Shining Shoal was a dollar rare for years – decades, almost – before a massive price spike earlier this year. A “budget” mono-white Humans list put up some results in Modern, playing Shining Shoal as well as cards like Chancellor of the Annex and Emeria’s Call to close out games with a surprise seven damage. The deck hasn’t really stuck around, but Shining Shoal’s price certainly has, costing more than 10 times what it did at the beginning of the year. Unless you’re hellbent on playing a weird, fringe Modern deck that didn’t really make it, I’d stay well away from this card.

2. Goryo’s Vengeance

Betrayers of Kamigawa

Goryo's Vengeance - Betrayers of Kamigawa - Magic: The Gathering

Once the centerpiece card of a deck that dominated Modern, the best days of Goryo’s Vengeance are probably behind it. Back in 2017 and 2018, this was a $50 card, but between an Ultimate Masters reprint and the fact that, y’know, the deck it was in just isn’t really a deck any more, Goryo’s Vengeance has completely collapsed in price. It was as low as $5, earlier in the year, but a spike back in March has seen it settle at around $15 since then. It’s a powerful card, there’s no doubt about it, and a great way to cheat something like Griselbrand into play – albeit very briefly.

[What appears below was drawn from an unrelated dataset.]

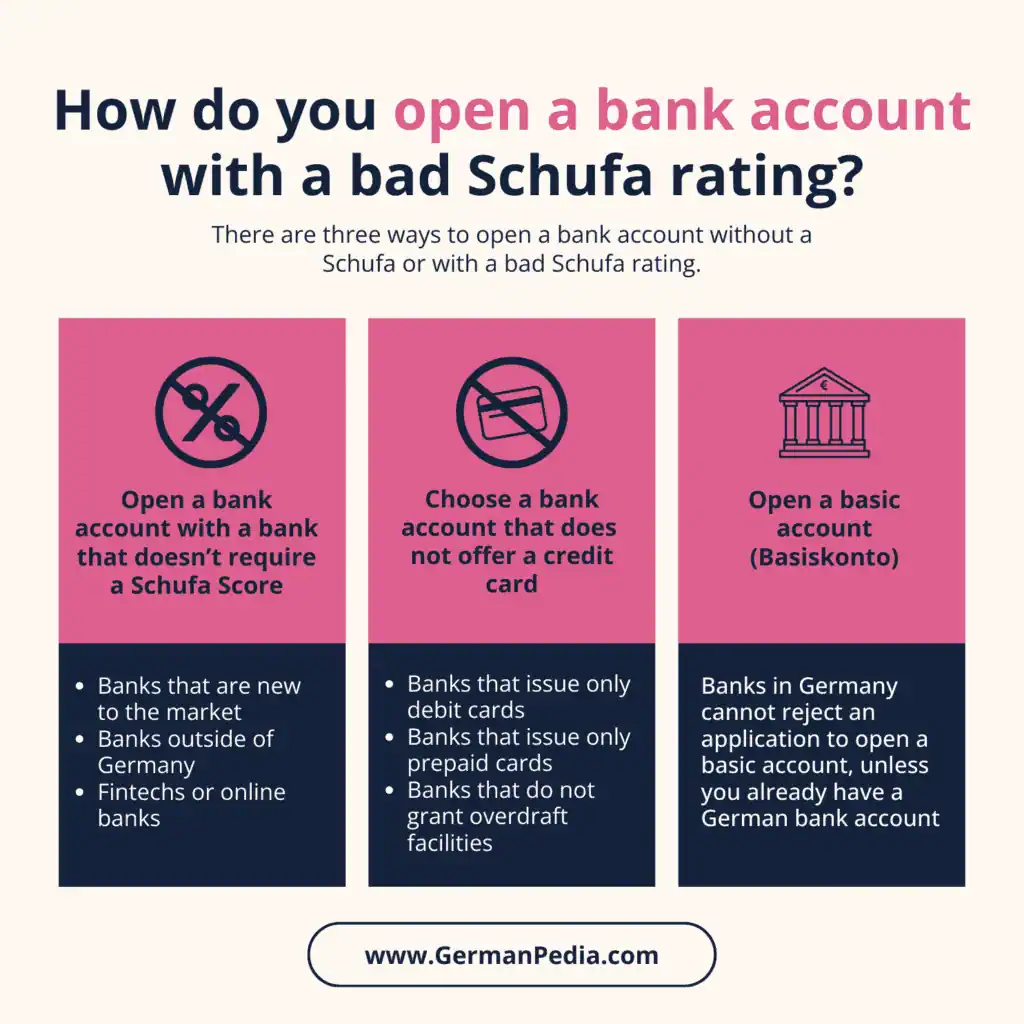 How do you open a bank account with a bad Schufa rating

1. Ink-Eyes, Servant of Oni

Betrayers of Kamigawa

Ink-Eyes, Servant of Oni - Betrayers of Kamigawa - Magic: The Gathering

The most expensive card in Betrayers of Kamigawa isn’t really all that expensive – Ink-Eyes is a $15 card, due to its popularity in Ninja EDH decks. Very rarely played as a commander itself (why would you deprive yourself of playing all the blue cards), Ink-Eyes has a very powerful on-hit effect and a cheap regeneration ability, making it a very difficult card to beat when you’re left without an appropriate answer. Additionally, it’s not just Ninja decks that play Ink-Eyes – you’ll also find it in Rat decks, led by the likes of Karumonix, the Rat King. Steady demand plus a lack of recent proper reprints mean that Ink-Eyes maintains solid value!